This paper: An Interactive Identification Scheme Based on Discrete Logarithms and Factoring requires generating primes $p$ with the following special format:
We choose $p$ with the property that $p - 1$ has at least two large prime factors, so that the factorization of $p - 1$ is hard to recover.
Two questions that arise:
- How to formally define that a number has at least two large prime factors?
- Are there infinitely many such numbers, and are they easy to find?
I wrote a simple Python 3 program to test this (requires gmpy2 and secrets modules).
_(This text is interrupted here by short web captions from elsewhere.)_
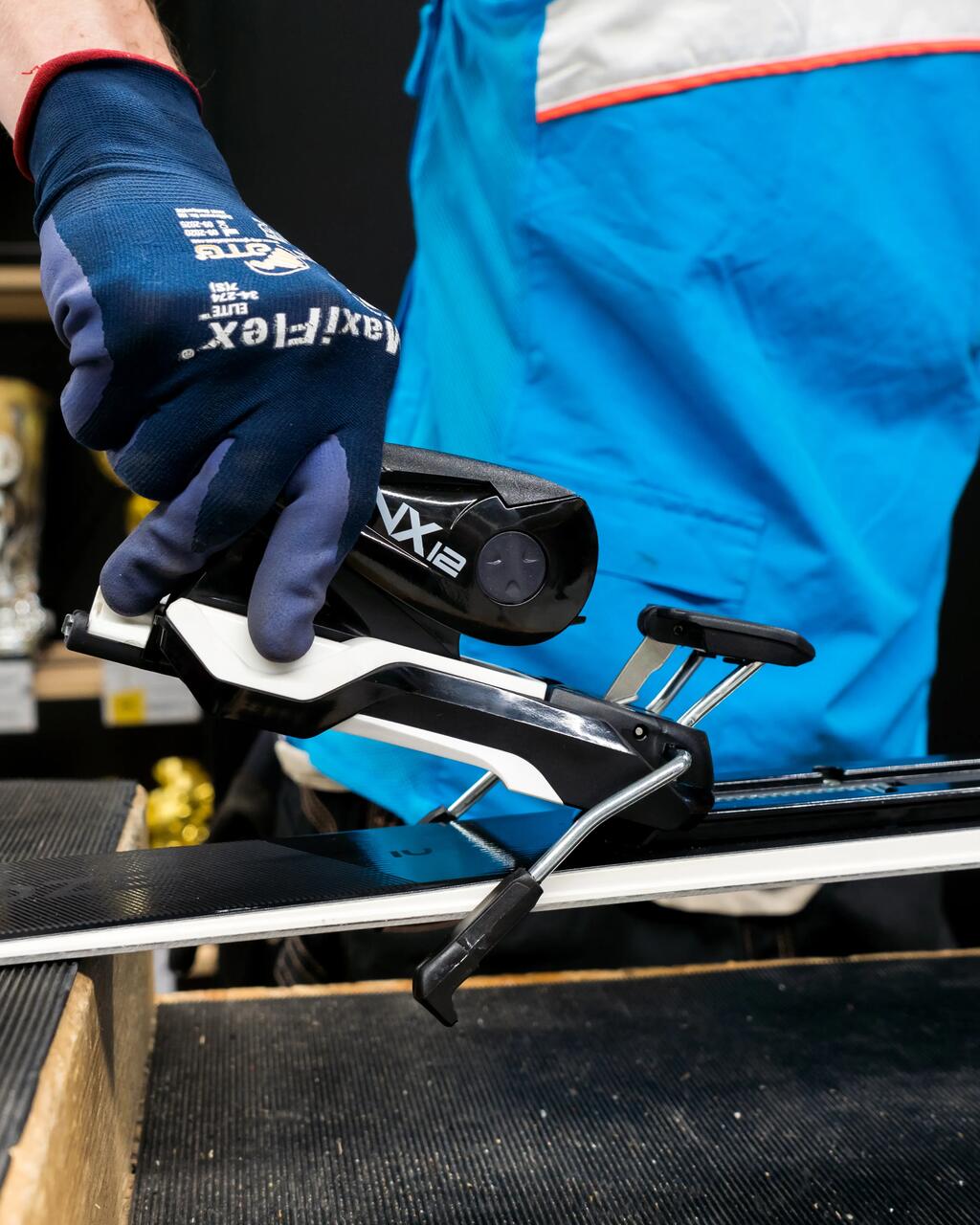 Servis lyží a snowboardov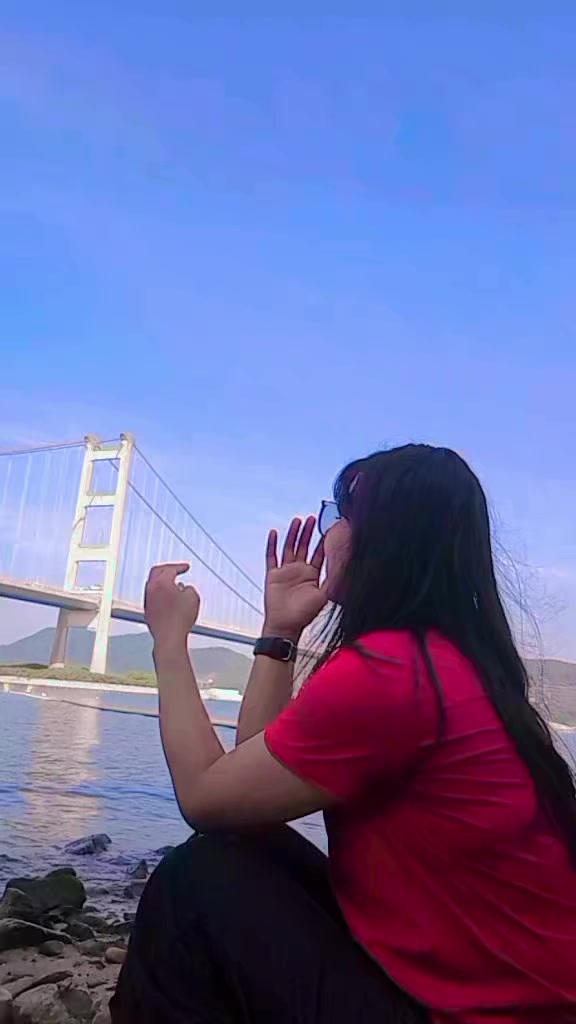 @Lela_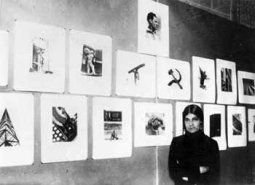 Tina Modotti accanto alle sue opere, Università di Città del Messico 1929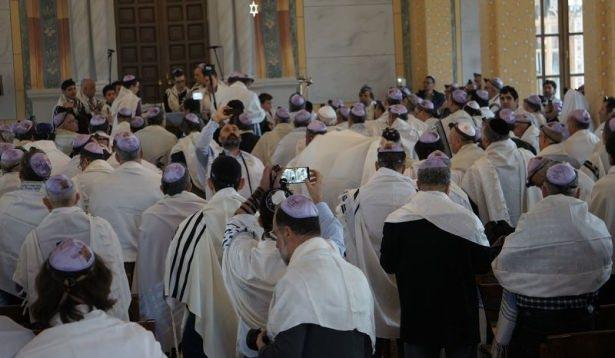 <p>Türk Musevi Cemaati Başkanı İshak İbrahimzadeh'in de katıldığı ibadetteki dua, Büyük Sinagog'da en son ibadeti yöneten David Azuz tarafından yaptırıldı.</p>

<div> </div>
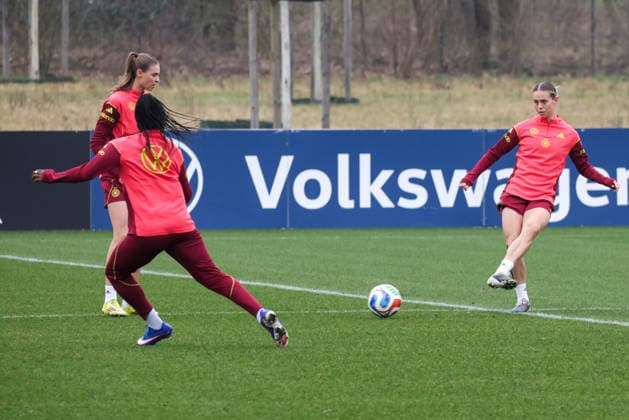 26.02.2026, xgrfx, Fussball DFB-Medientermine, Deutsche Frauennationalmannschaft - Training v.l. Klara Bühl (Deutsche Frauennationalmannschaft) (DFL DFB REGULATIONS PROHIBIT ANY USE OF PHOTOGRAPHS as IMAGE SEQUENCES and or QUASI-VIDEO) Frankfurt am Main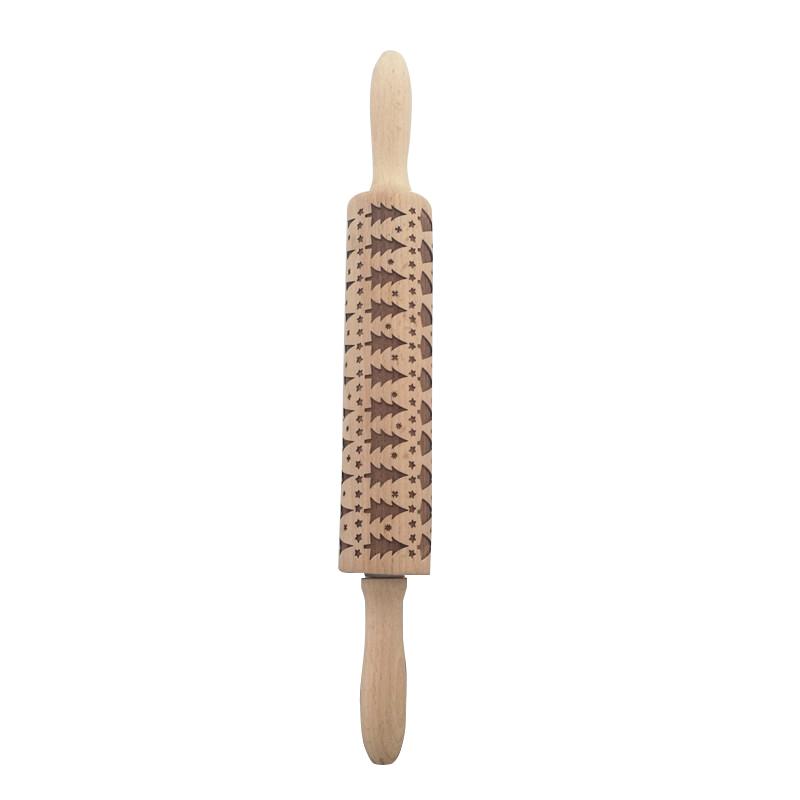 Familienfreundliches Präge-Nudelholz für weihnachtliche Kekse; perfekt zum gemeinsamen Backen und Verzieren von Gebäck.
Admittedly, it doesn't prove anything, but it gives me some reassurance that such primes are abundant.
It runs 100 times, generates two random 512-bit primes $s$ and $t$, and tests whether $p = j\times s \times t + 1$ is a prime, for a small $j$ in $\{1,\ldots,10000\}$.
While the format of $p$ in the program is more restricted than what the paper defines, the program runs quite fast, and is able to generate the required prime all the time (this holds at least for all the executions I did).
from gmpy2 import next_prime, is_prime
from secrets import randbits
for i in range(100):
s = next_prime(randbits(512))
t = next_prime(randbits(512))
for j in range(1, 10000):
p = j * s * t + 1
if (is_prime(p)):
print(i, j)
break
Edit: One way to formalize item 1 is to require that $p-1$ has at most $C$ prime factors, where $C$ is a constant. This MathOverflow answer states that it follows from the sieve theory that there is a small constant C (like 6). Does anyone know the exact result?